Backup a database to the specified path

Parameters:
  • database (str) – name of the database to backup

  • path (str) – path (relative or absolute) to backup to

Returns:

pg_dump stdout and stderr output

Return type:

str

execute_command(database: str, path: str)

Executes backup/restore commands and replaces the formatted commands with actual values.

Parameters:
  • database (str) – database name

  • path (str) – backup path

Returns:

stdin and stdout of executed command

Return type:

str

class pgmob.backup.FileRestore(cluster: Cluster, base_path: str = '', binary_path: str = 'pg_restore', options: RestoreOptions | None = None, shell: _BaseShellEnv | None = None)

Restore class that performs a Restore operation from a local filesystem. Executes pg_restore on a target postgres cluster spawned as a subprocess of Postgres server process.

Parameters:
  • cluster (cluster.Cluster) – Postgres cluster object

  • base_path (str) – Base backup path. If specified, the backup path would be considered relative to it.

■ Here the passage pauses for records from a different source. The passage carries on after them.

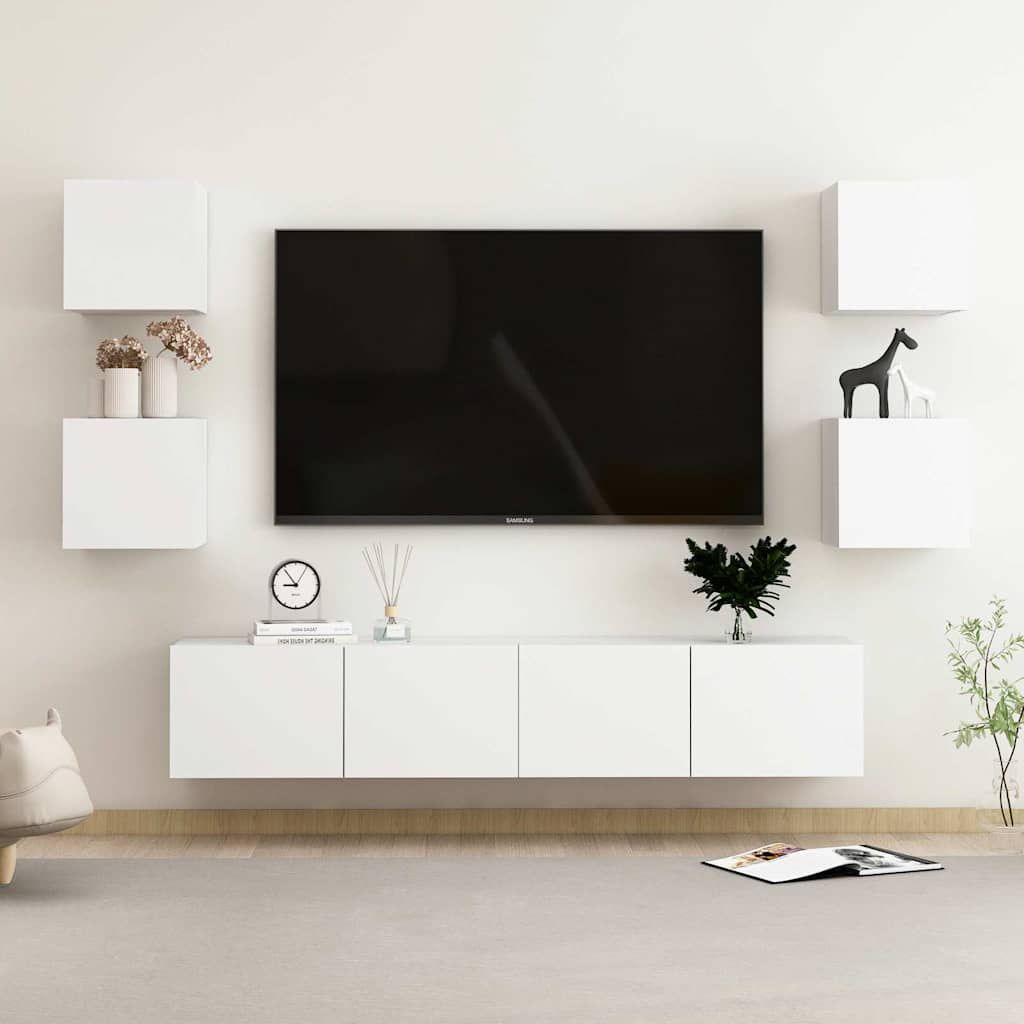 Set Mobili Porta TV 6 pz Bianco in Legno Multistrato vidaXL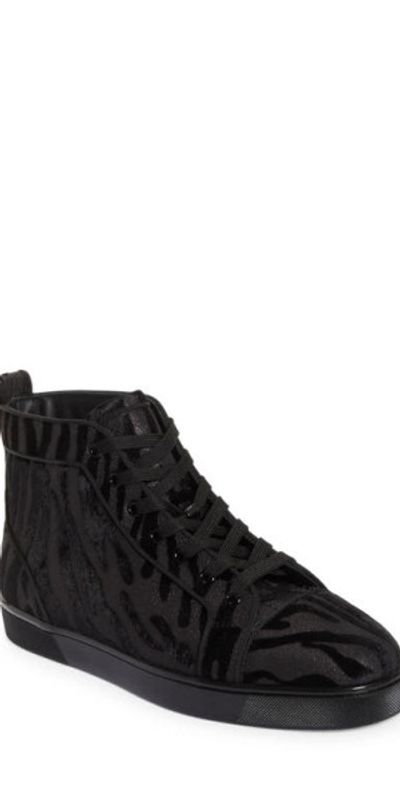 Christian Louboutin Christian Louboutin Louis Orlato Velvet Jacquard High Top Sneaker in Bk01 Black at Nordstrom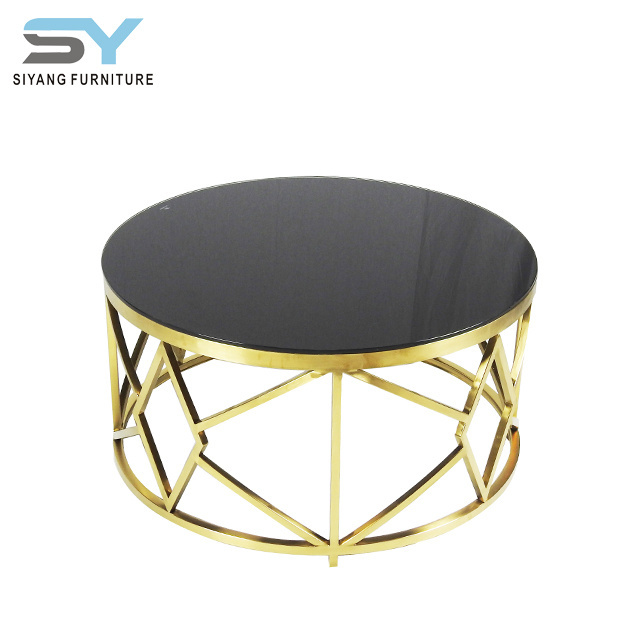 Smart furniture gold metal round table hippo coffee table for sale CJ002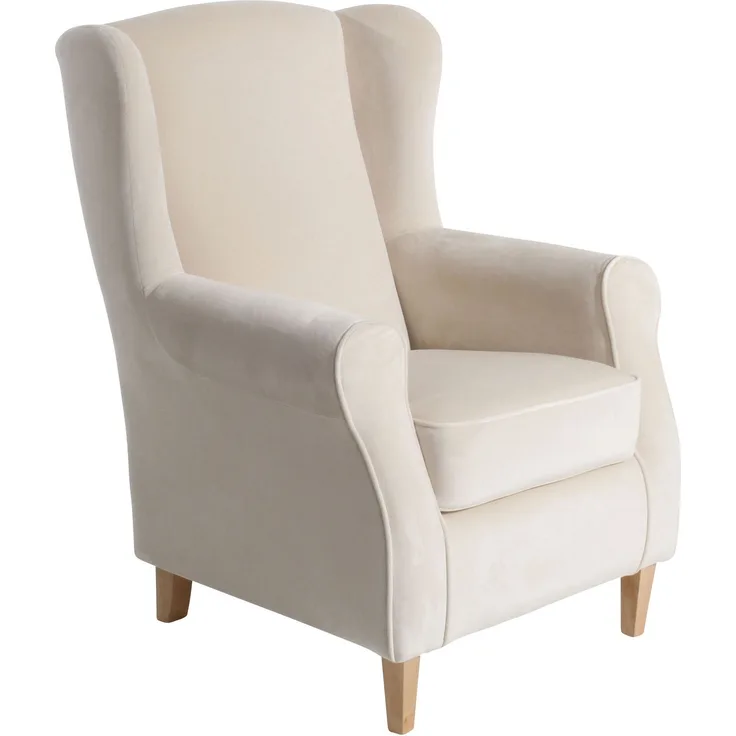 Ohrensessel Karlen Bezug Samtvelours Buche natur / creme 22039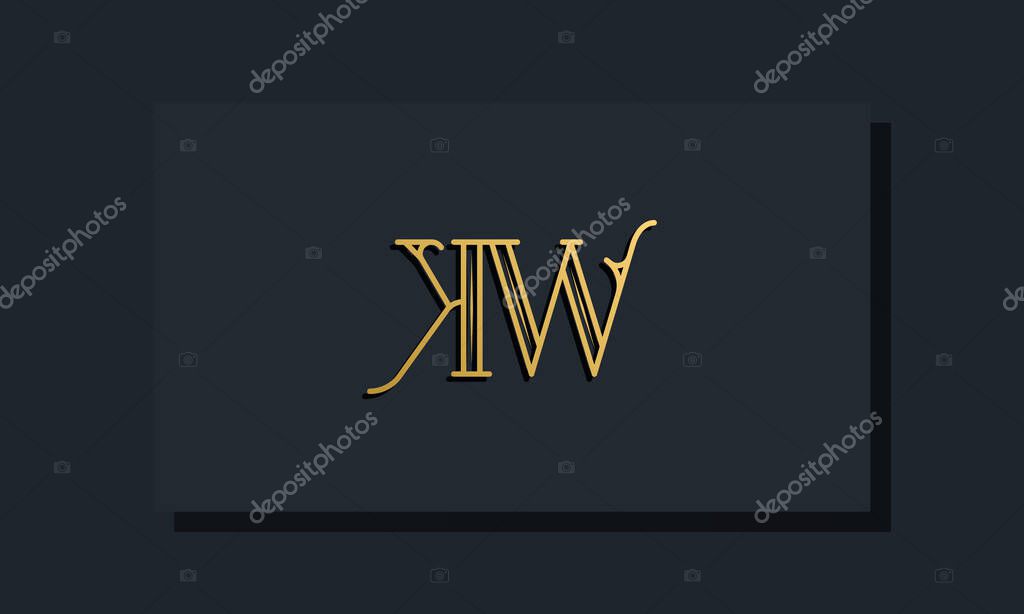 Minimal Inline style Initial KW logo. This logo incorporate with modern typeface in the creative way.It will be suitable for which company or brand name start those initial.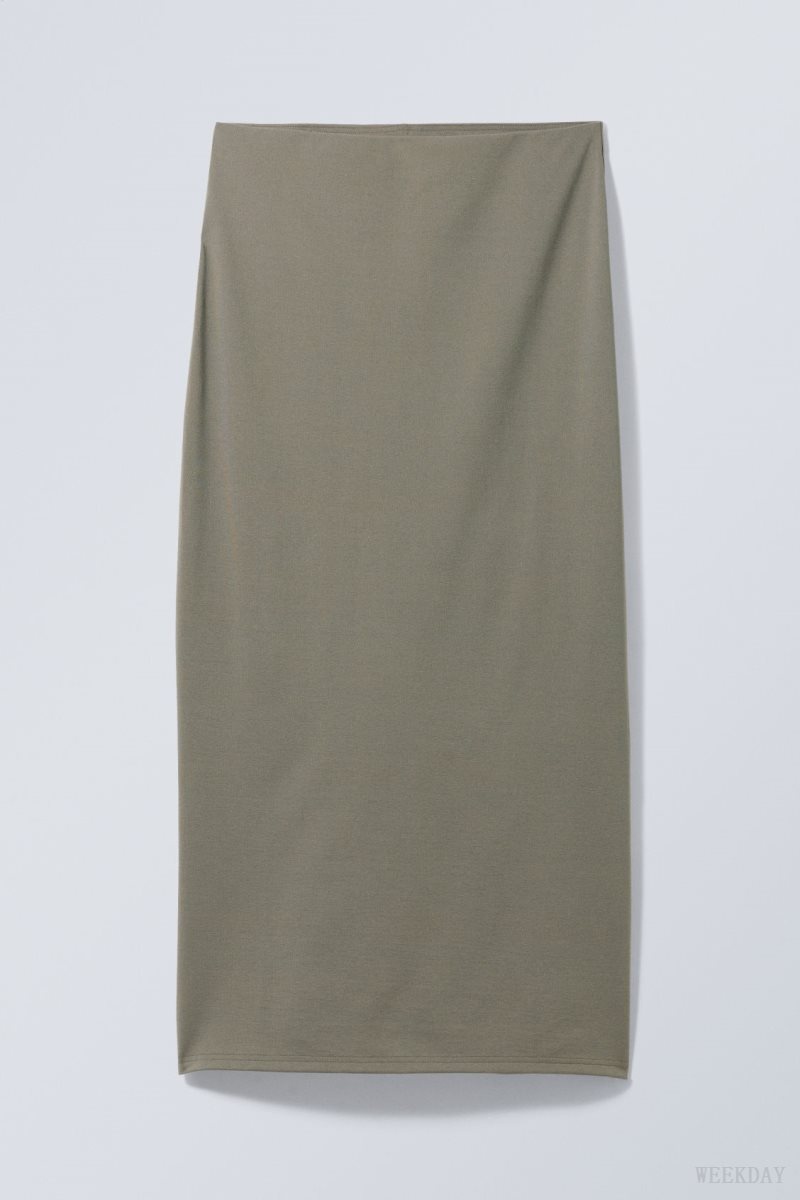 Weekday Johanna Long Pencil Skirt Grey Brown | HLTG9333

  • binary_path (str) – Path to the pg_restore binary. Use when a specific binary version is needed or the binary is not in PATH.

  • options (RestoreOptions) – restore options represented by the RestoreOptions class

  • shell (_BaseShellEnv) – shell processor that defines pathing and escaping for the current environment

options

restore options represented by the RestoreOptions class

Type:

RestoreOptions

cluster

Postgres cluster object

binary

Path to the pg_restore binary

on_start_commands

commands to execute prior to launching the restore

Type:

List[str]

command

main restore command

Type:

str

on_finish_commands

commands to execute after restore is completed or failed

Type:

List[str]

Example

Restore objects into database bar changing object ownership to “bar”

>>> old_db = "foo"  
>>> new_db = "bar"  
>>> role = "ownerrole"  
>>> backup = FileBackup(cluster=cluster, base_path="/tmp")
>>> backup.backup(database=old_db, path=f"{old_db}.bak")
>>> restore = FileRestore(cluster=cluster, base_path="/tmp")
>>> restore.options.schema_only = True
>>> restore.options.no_owner = True
>>> restore.options.tables = ["a", "b"]
>>> restore.options.set_role = role
>>> restore.restore(database=new_db, path=f"{old_db}.bak")
execute_command(database: str, path: str)

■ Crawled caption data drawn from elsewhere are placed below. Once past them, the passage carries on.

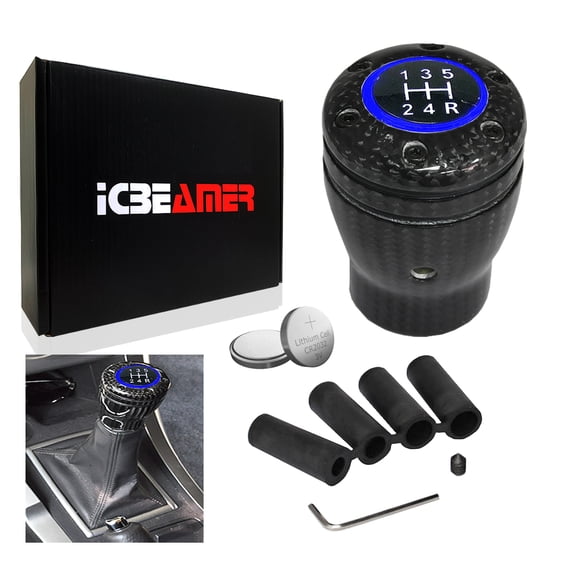 ICBEAMER 100% Real Carbon Fiber Shift Knob Blue LED Light Top Glow, Fit Buttonless Automatic & 4, 5, 6 Speed Manual Transmission Interior Car Gear Lever Stick Shift Racing Style [Battery Included]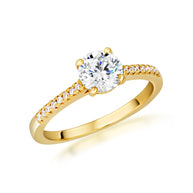 14k Gold Round Cut Lab Grown Diamond Engagement Ring 1.13cts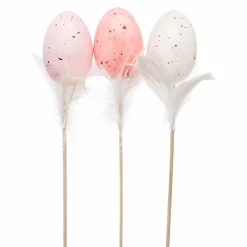 Egg Pick White Feathers (Pack Of 3 ) - 28Cm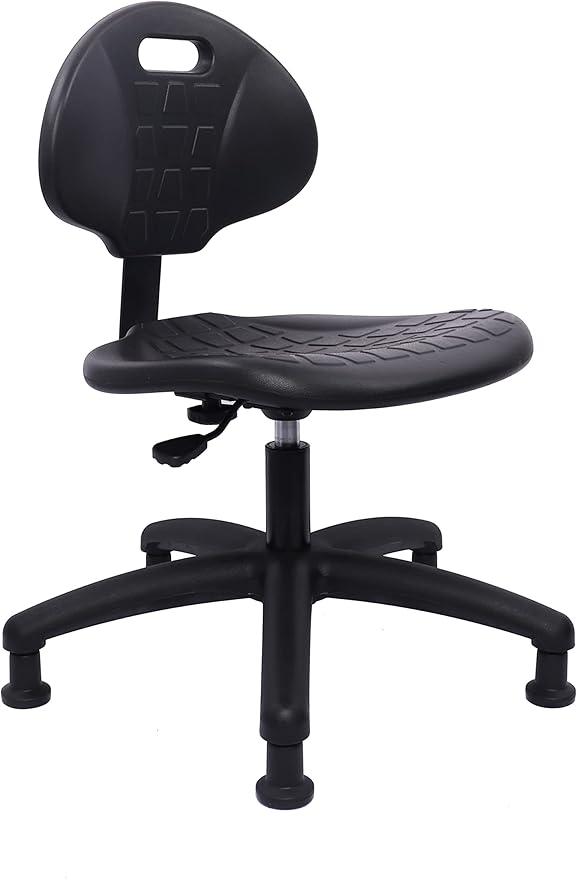 Chair Master Table Height Chair/Stool-Easy to Clean! Deluxe Ergonomic Polyurethane Chair. 5" of Height Adj (15.5"-20.5") 450 lb Capacity. Automotive, Lab, Garage, Home, Office (Glides, Black)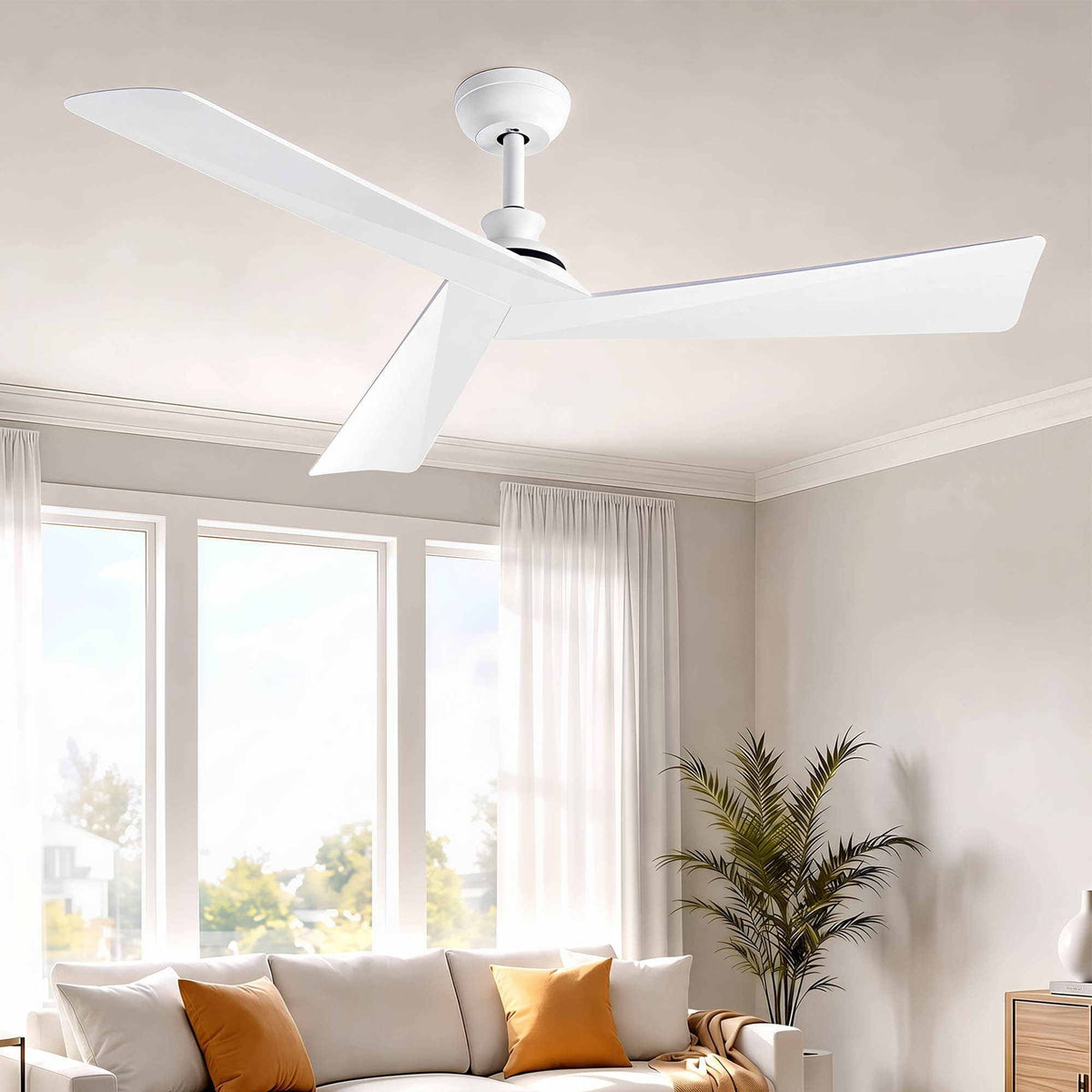 52" Ceiling Fan Modern Minimalist 3 Blades 6 Speeds DC Motor Remote Control - White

Executes backup/restore commands and replaces the formatted commands with actual values.

Parameters:
  • database (str) – database name

  • path (str) – backup path

Returns:

stdin and stdout of executed command

Return type:

str

restore(database: str, path: str)

Restore a backup into the specified database :param database: name of the database to connect to :type database: str :param path: path (relative or absolute) to the backup file :type path: str

Returns:

pg_restore full output

Return type:

str

GCP Bucket backup/restore

Similar to the File backup/restore, these classes offer to simplify restoration from a GCP Bucket. The postgres system user should be able to use gs_util tooling to access bucket contents. During a restore operation, the database backup is copied to a temporary location first, due to the way gs_util outputs the file into the pipeline, making it impossible to pass it to pg_restore. This folder location can be adjusted.

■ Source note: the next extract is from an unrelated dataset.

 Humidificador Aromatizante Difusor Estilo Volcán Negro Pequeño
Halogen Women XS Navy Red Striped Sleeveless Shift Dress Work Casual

class pgmob.backup.GCPBackup(cluster: Cluster, bucket: str = '', binary_path: str = 'pg_dump', options: BackupOptions | None = None, shell: _BaseShellEnv | None = None)

GCP Backup class that uploads backups to a GCP bucket. Executes “pg_dump” on a target postgres cluster spawned as a subprocess of Postgres server process. Requires “gsutil” command available on the server host. To configure authentication, run “gcloud auth login” under postgres OS user.

Parameters:
  • cluster (cluster.Cluster) – Postgres cluster object

  • bucket (str) – (Optional) GCP bucket name to work with. If specified, the backup path would be considered relative of the bucket path

  • binary_path (str) – Path to the pg_dump binary. Use when a specific binary version is needed or the binary is not in PATH.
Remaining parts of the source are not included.